CARP Failover not Working on Manual Outbound NAT
-
I have just ordered two "Mercury II 1U Server Six Ethernet pfSense Appliance" from Hacom. I have been using pfsense in other locations for a few years now, but no where near the depth of what I am trying to do now. I work in the medical field and am planning to implement these new firewalls shortly, but want to make sure everything is tested and working first before I put them into production. I have also been following and reading the book very closely and seem to be running into trouble. My ultimate design is to setup an enivorment with two pfsense firewalls, with carp failover as well as mutli-wan failover. At the moment I am currently just trying to setup CARP with one WAN. My primary wan is a comcast buisness line. I have each firewall setup for carp, and the master and backup statuses a re showing up correctly. However when I switched to manual outbound NAT, the internet stops working. Once i switched back to automatic, it works just perfectly. I have 2 CARP IP's on the firewalls that they are sharing, one LAN and WAN. Then each firewall interface has its own WAN and LAN ip. If I havent provided enough detail for you, just let me know what you need and I will get it for you. I would really really appreciate your help because im starting to pull my hair out.
-
Are you sure that the CARP VIP you have on WAN is working properly?

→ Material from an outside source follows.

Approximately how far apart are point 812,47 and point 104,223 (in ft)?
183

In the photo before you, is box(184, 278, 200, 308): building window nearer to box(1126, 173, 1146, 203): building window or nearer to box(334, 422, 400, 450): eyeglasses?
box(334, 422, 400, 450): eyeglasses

Can you add a firewall rule to allow ICMP echo requests to the WAN CARP VIP and then try to ping it from somewhere remote on the Internet?
If it works on auto, the traffic would just be leaving by the WAN IP. But if your manual outbound NAT rules use the WAN CARP VIP, then it may not be working properly when trying to talk to the outside world.
-
Without adding any rules I could not ping either of the WAN interfaces or its CARP IP. Once added however I could ping all three. However something interesting that happened, I looked at the firewall logs and only the second firewall showed ICMP being blocked on the CARP IP. Correct me if I am wrong, but shouldnt the primary firewall show that unless the secondary is in master mode due to a failover? It almost seems like the CARP IP is being handled by the secondary and not the primary firewall.
-
That is correct, only the master should show that traffic.
If you look at Status > CARP, does the main firewall really show as master for all of the CARP VIPs?
-
Yes sir. Here is the screenshots. No offense for the blur outs, but since this is a medical facility I cannot publish our public IP's out.
-
Are there any CARP transitions logged under Status > System Logs?
Any bridging going on?
-
Firewall1's Logs
Dec 27 16:36:06 php: : Processing start -
Dec 27 16:36:06 php: : Processing -
Dec 27 16:38:26 check_reload_status: reloading filter
Dec 27 16:38:28 php: : Beginning XMLRPC sync to http://172.16.1.3:80.
Dec 27 16:38:29 php: : XMLRPC sync successfully completed with http://172.16.1.3:80.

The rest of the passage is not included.